2. Les deux indicateurs où notre classement s’est détérioré sont la loi des contrats (de 44e à 53e) et les permis de construction (117 à 128).

 

3. Par contre, les indicateurs montrant du progrès sont la résolution des situations de faillite (+ 3 rangs), la fiscalité (de 13e à un étonnant 11e rang, un véritable fleuron international à ne pas perdre !) et l’obtention de crédit (où l’on passe du rang de 36e meilleur mondial au 30e meilleur mondial).

 

OÙ ÇA CALE ENCORE…

 

Ce tableau indique aussi, là où c’est disponible, le nombre d’étapes ou de procédures pour obtenir un service et spécifie les délais moyens pour l’obtention de ce service. Clairement, si nous voulons améliorer notre classement de «Ease of doing business», les objectifs sont de réduire les 519 jours indiqués pour faire appliquer la loi des contrats, les 245 jours requis pour  l’obtention d’un permis de construction et les 84 jours de délai pour se connecter au réseau électrique, ces deux derniers critères étant bien évidemment cruciaux quand la relance économique dépend aussi centralement de projets immobiliers, de smart cities et du développement portuaire.

 

À cet effet, la Banque mondiale, prenant l’exemple de la loi des contrats, note que Maurice a appliqué 4 petites réformes l’an dernier, mais que celles-ci  n’améliorent pas notre classement à ce critère (qui passe de 44e à 53e). Les autres pays ont dû se réformer encore plus vite ! Le listing détaillé des 36 procédures nécessaires avant la résolution d’une affaire en cour paraît lourd et mériterait l’attention accélérée des intervenants légaux afin d’en améliorer l’efficience.

 

Le listing détaillé des 36 procédures nécessaires avant la résolution d’une affaire en cour by L'express Maurice

 

 

Prenant pour exemple la construction d’un warehouse de Rs 14,2 millions à Port-Louis, la Banque mondiale fait le constat que c’est la connexion au tout-à-l’égout (Wastewater Management Authority) qui plombe la procédure pour obtenir les permis de construction, ajoutant à lui seul 180 jours de délai, soit 73,4 % du cycle total de 245 jours pour les 13 procédures engagées (Tableau II). Les lecteurs-entrepreneurs, au gré de leur propre expérience jugeront (et diront ?) si les autres délais envisagés par la BM sont, en passant, crédibles ou pas.

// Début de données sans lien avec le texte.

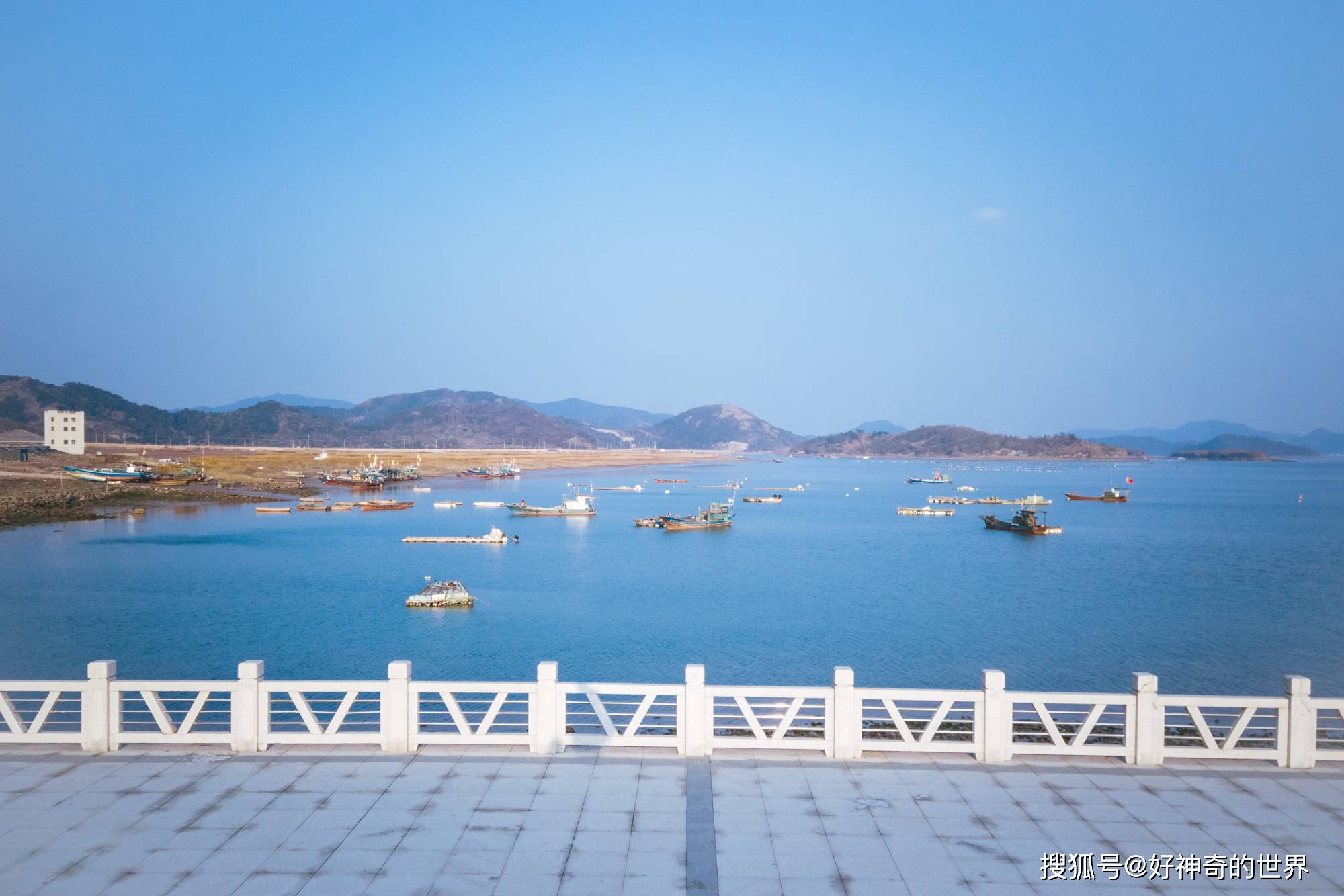 宁波版“海上西湖”，沙滩堤坝适合亲子游，不在市区却在宁波奉化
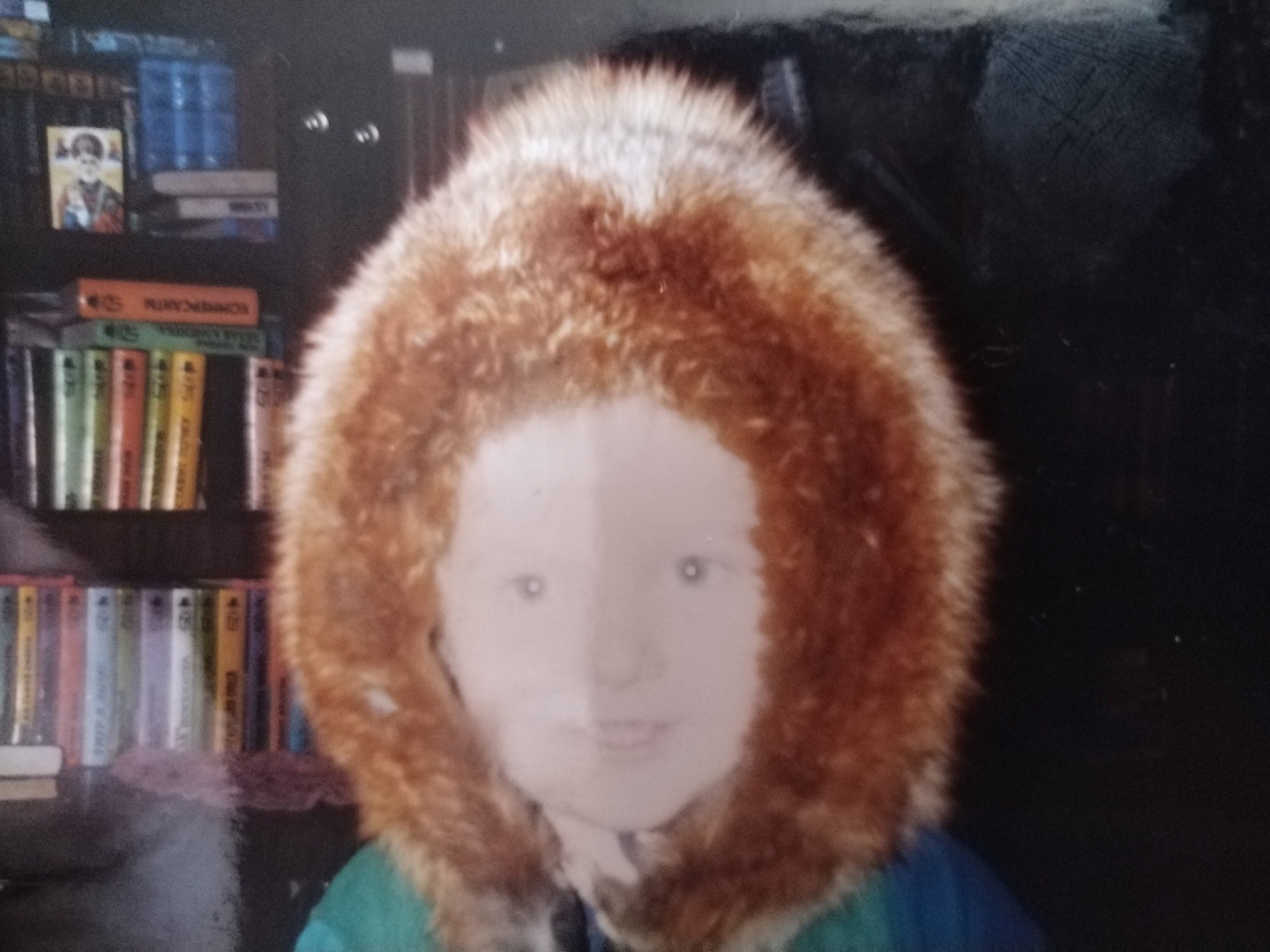 История о лисьей шапке или о том, как меня пол часа собаки таскали по двору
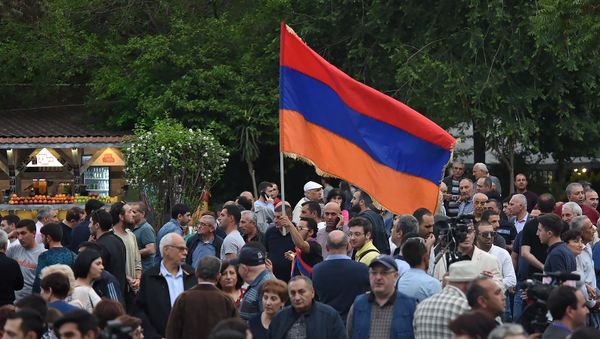 Люди на митинге партии АРФ Дашнакцутюн на площади Свободы (23 мая 2019). Еревaн - Sputnik Արմենիա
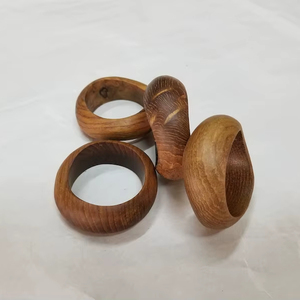 Anillo para servilletas de madera de acacia con forma irregular - diseño de lujo premium para vajilla - Product Image 1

On aimerait bien les entendre à l’express….

 

 

Cette même analyse appliquée à l’obtention d’une connexion électrique (Tableau III) indique des délais pas trop déraisonnables, mais ne souffle mot sur les difficultés potentielles du CEB à répondre à des demandes de connexion massives dans le sillage du développement des smart cities et de la zone portuaire.

 

 

Il serait d’ailleurs peut être seyant que les ministères appropriés s’entendent sur la cadence à laquelle les Rs 100 milliards de projets déjà identifiés par le Fast Track Committee vont se développer sur le territoire, afin de s’assurer que les besoins en électricité, en eau, en tout-à-l’égout etc… soient à la mesure de la demande vu, en particulier, les insuffisances actuelles de la CWA et de la WMA, ainsi que les retards de déploiement de nouvelles capacités électriques qui engendrent des discours de plus en plus inquiétants de délestage, de baisse de voltage ou, Dieu nous en garde, de black-out !

 

** La liste des pays ayant, plus récemment, franchi le pas du «high income » est intéressante : Argentine (2014), Estonie (2006), Russie (2012), Seychelles (2014), Uruguay (2012) et Venezuela (2014). Gageons que la Russie et le Venezuela ont surtout émergé grâce aux prix du gaz et du pétrole et qu’ils risquent donc de rejoindre bientôt les rares pays déclassés comme Mayotte (1990) et Gibraltar (2010).